● About this exercise:
In the records below, find the line with "France's goalkeeper, Hugo" and the line with "an apartment patio"; return exactly those lines and every line between them.

● Information shown:

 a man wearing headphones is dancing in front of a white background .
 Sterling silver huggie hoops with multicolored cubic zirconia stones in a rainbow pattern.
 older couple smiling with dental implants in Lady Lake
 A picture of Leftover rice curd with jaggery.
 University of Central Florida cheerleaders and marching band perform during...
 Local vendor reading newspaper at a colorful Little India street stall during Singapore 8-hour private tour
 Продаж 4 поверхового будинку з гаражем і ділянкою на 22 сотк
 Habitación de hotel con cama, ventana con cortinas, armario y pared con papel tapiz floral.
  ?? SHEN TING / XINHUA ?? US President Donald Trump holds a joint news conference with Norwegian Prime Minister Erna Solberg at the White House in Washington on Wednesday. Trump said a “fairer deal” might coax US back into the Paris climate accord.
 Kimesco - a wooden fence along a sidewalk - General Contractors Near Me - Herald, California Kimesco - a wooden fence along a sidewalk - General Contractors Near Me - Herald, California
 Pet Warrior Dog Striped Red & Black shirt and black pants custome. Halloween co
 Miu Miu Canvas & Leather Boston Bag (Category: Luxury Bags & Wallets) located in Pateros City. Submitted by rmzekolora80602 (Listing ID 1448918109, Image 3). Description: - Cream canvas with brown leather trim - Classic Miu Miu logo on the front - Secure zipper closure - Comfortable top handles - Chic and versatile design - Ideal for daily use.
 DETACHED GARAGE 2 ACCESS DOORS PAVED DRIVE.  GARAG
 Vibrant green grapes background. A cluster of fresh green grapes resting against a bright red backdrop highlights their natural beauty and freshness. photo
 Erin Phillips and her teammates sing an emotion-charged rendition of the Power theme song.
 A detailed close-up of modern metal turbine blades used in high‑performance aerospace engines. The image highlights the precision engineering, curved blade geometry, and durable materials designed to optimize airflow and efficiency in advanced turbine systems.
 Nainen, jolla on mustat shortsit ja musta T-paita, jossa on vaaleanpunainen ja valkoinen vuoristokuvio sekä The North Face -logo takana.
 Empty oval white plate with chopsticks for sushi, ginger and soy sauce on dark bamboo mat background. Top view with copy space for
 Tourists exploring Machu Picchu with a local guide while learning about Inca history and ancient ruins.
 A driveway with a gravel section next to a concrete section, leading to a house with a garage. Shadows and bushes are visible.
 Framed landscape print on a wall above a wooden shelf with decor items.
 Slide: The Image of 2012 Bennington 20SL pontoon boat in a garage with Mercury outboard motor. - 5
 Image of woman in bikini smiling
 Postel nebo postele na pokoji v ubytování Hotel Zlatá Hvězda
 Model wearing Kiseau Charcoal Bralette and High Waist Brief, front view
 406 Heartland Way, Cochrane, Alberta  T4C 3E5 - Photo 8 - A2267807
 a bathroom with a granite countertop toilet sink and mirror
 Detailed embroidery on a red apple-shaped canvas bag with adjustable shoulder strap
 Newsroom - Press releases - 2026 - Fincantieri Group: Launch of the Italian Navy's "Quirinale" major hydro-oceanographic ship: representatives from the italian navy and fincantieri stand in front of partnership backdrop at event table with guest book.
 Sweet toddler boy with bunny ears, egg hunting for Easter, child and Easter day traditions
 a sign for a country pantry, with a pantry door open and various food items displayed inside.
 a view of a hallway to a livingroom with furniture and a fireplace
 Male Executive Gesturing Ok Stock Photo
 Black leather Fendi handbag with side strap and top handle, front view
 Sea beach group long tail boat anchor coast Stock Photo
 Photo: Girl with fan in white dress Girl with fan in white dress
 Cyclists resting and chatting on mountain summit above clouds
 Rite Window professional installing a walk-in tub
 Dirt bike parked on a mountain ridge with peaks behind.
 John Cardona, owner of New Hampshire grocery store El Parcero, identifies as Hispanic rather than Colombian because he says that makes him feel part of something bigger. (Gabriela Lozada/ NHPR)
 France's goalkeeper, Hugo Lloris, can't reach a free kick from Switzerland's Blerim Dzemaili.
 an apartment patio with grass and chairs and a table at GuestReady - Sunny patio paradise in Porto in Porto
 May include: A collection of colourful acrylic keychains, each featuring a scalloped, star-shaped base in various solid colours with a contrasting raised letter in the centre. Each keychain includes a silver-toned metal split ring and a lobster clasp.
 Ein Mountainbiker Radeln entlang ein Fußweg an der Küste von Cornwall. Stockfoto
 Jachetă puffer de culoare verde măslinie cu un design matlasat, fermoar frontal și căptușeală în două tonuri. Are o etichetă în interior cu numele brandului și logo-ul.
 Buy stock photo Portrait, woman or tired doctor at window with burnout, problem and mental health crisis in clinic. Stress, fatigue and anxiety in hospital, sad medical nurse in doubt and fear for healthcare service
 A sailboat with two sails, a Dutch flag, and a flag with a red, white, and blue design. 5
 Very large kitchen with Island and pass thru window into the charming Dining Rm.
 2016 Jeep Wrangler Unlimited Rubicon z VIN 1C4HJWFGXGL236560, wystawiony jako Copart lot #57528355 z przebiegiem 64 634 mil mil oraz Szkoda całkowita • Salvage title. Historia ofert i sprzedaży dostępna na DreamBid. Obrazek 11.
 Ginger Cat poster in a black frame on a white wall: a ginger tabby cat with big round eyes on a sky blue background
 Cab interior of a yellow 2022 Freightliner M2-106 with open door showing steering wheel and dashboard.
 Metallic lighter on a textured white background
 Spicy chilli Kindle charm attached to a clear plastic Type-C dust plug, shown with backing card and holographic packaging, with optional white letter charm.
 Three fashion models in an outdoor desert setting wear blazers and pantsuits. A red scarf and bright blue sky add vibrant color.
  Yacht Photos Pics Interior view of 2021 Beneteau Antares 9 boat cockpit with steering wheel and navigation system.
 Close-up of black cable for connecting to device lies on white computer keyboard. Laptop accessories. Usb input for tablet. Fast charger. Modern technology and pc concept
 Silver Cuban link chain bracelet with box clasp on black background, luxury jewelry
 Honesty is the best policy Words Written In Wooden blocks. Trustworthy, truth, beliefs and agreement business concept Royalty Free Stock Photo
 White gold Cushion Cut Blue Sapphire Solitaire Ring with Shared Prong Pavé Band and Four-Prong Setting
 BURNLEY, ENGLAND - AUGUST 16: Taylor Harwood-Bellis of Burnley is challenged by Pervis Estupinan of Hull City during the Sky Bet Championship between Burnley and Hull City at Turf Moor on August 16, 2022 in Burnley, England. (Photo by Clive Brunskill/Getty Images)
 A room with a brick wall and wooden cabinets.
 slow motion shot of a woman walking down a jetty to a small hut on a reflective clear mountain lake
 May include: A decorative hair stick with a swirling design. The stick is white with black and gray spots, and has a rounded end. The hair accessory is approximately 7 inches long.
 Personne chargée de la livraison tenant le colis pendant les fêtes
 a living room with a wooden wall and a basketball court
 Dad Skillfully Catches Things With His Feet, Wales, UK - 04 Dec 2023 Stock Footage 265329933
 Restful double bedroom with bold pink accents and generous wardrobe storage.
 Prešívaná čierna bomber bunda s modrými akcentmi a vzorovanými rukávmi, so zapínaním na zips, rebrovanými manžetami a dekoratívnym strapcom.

● Output:
 France's goalkeeper, Hugo Lloris, can't reach a free kick from Switzerland's Blerim Dzemaili.
 an apartment patio with grass and chairs and a table at GuestReady - Sunny patio paradise in Porto in Porto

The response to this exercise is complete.